# About this exercise
Provide the number of lines below containing the word "Nature", without any other words.

[Records from a data collection]
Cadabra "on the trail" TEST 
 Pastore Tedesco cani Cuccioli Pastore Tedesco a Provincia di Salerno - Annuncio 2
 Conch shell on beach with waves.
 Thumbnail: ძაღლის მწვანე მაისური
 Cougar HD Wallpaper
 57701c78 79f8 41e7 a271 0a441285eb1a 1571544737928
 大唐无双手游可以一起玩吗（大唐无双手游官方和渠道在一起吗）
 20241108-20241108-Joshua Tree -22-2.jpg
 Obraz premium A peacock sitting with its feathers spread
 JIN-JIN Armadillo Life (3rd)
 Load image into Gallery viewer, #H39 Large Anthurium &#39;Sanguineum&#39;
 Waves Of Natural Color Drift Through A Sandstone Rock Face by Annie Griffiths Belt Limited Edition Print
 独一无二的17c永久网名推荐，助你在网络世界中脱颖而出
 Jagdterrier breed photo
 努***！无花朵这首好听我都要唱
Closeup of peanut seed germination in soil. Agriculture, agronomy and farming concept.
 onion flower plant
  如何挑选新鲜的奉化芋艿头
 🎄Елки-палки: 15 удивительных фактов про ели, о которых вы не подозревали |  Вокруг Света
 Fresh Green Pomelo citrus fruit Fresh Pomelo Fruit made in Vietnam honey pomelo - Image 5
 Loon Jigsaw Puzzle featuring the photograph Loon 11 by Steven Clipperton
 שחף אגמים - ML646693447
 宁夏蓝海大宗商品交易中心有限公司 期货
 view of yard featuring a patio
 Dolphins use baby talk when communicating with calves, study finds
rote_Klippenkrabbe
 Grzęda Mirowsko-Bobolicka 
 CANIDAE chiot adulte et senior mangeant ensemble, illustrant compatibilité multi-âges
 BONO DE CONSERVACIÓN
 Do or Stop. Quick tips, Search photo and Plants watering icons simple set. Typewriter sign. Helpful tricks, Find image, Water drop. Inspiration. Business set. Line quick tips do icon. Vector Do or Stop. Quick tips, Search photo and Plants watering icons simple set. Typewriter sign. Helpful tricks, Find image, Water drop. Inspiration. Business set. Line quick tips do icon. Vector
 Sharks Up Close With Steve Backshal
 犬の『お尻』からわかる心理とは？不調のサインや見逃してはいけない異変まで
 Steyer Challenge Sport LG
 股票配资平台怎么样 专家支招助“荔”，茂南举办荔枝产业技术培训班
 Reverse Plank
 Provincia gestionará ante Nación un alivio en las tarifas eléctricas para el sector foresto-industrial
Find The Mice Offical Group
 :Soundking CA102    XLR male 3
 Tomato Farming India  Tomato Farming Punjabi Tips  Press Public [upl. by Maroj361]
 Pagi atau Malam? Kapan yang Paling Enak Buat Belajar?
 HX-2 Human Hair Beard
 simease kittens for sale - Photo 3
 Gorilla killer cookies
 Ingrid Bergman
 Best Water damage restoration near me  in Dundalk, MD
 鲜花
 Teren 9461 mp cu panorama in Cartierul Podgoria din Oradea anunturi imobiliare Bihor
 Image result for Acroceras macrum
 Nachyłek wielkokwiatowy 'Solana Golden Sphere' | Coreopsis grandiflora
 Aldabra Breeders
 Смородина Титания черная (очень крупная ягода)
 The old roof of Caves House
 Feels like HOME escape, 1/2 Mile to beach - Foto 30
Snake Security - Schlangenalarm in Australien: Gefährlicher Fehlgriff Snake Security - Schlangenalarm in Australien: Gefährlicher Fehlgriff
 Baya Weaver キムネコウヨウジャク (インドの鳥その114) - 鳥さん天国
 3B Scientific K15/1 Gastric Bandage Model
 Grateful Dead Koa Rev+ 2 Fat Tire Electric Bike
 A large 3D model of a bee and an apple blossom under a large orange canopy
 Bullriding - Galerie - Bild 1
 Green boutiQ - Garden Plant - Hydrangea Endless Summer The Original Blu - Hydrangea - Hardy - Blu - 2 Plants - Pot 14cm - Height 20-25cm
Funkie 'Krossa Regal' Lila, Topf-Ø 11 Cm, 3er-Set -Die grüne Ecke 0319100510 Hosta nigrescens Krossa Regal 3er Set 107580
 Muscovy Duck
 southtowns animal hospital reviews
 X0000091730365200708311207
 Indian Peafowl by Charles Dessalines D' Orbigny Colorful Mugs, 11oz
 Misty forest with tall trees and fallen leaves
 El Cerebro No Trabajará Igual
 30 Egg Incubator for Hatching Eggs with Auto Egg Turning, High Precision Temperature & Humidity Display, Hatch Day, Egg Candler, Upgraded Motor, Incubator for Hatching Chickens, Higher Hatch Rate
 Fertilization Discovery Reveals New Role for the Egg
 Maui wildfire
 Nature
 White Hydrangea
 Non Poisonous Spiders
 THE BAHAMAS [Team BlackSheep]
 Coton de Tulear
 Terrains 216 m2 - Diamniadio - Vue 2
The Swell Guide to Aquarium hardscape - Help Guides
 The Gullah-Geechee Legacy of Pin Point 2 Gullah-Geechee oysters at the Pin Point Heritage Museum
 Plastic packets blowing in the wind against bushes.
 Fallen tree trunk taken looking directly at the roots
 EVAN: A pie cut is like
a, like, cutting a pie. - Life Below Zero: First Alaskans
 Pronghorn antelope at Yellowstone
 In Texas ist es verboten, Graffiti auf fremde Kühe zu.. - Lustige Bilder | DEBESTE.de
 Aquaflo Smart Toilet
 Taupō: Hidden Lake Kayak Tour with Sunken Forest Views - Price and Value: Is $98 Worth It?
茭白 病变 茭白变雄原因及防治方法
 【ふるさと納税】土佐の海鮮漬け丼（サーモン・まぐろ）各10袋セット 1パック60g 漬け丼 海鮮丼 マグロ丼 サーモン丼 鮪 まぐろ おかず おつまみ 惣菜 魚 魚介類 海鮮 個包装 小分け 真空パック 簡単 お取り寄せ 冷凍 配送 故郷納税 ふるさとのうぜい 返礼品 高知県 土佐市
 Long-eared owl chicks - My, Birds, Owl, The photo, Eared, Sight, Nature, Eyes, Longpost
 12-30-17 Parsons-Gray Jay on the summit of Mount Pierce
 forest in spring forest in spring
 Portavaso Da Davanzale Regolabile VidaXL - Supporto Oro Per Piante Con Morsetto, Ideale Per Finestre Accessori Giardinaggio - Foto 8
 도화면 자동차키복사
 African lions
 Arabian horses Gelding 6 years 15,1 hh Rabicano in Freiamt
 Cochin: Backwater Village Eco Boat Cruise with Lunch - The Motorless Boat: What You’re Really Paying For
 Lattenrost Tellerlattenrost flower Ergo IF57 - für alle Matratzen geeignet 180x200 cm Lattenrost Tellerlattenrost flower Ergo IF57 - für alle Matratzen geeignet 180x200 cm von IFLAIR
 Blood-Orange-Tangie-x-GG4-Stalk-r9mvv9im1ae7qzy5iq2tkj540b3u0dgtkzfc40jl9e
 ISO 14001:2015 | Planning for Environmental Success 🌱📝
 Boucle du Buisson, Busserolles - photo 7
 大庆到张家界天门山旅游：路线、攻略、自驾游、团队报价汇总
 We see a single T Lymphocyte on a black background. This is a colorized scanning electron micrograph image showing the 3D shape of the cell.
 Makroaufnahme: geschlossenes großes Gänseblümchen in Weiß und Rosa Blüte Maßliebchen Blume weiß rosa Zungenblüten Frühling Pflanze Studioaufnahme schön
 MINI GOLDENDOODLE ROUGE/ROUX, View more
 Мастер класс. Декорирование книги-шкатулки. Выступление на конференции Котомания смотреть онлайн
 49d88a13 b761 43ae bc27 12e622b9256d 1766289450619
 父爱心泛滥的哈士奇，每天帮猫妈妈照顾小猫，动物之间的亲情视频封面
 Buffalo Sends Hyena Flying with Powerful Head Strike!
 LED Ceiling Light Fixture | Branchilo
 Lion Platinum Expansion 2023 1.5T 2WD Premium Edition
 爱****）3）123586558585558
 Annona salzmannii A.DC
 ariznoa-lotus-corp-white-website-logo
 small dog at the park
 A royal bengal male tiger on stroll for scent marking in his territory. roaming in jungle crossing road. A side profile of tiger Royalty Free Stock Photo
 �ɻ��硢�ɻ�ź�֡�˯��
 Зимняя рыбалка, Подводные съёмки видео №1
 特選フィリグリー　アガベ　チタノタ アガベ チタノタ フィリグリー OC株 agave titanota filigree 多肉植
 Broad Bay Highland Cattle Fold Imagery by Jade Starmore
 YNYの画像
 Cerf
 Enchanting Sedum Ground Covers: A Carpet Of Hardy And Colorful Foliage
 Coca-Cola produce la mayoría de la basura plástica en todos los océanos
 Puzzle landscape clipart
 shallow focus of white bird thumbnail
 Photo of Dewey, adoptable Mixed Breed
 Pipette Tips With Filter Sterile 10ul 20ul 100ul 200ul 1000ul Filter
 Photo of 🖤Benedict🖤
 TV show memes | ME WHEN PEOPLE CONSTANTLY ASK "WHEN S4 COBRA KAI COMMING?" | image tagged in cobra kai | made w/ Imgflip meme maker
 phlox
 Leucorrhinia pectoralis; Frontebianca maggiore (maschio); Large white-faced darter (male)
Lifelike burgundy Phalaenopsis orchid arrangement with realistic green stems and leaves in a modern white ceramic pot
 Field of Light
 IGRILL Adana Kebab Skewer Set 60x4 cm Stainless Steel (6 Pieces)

# Output of the exercise
2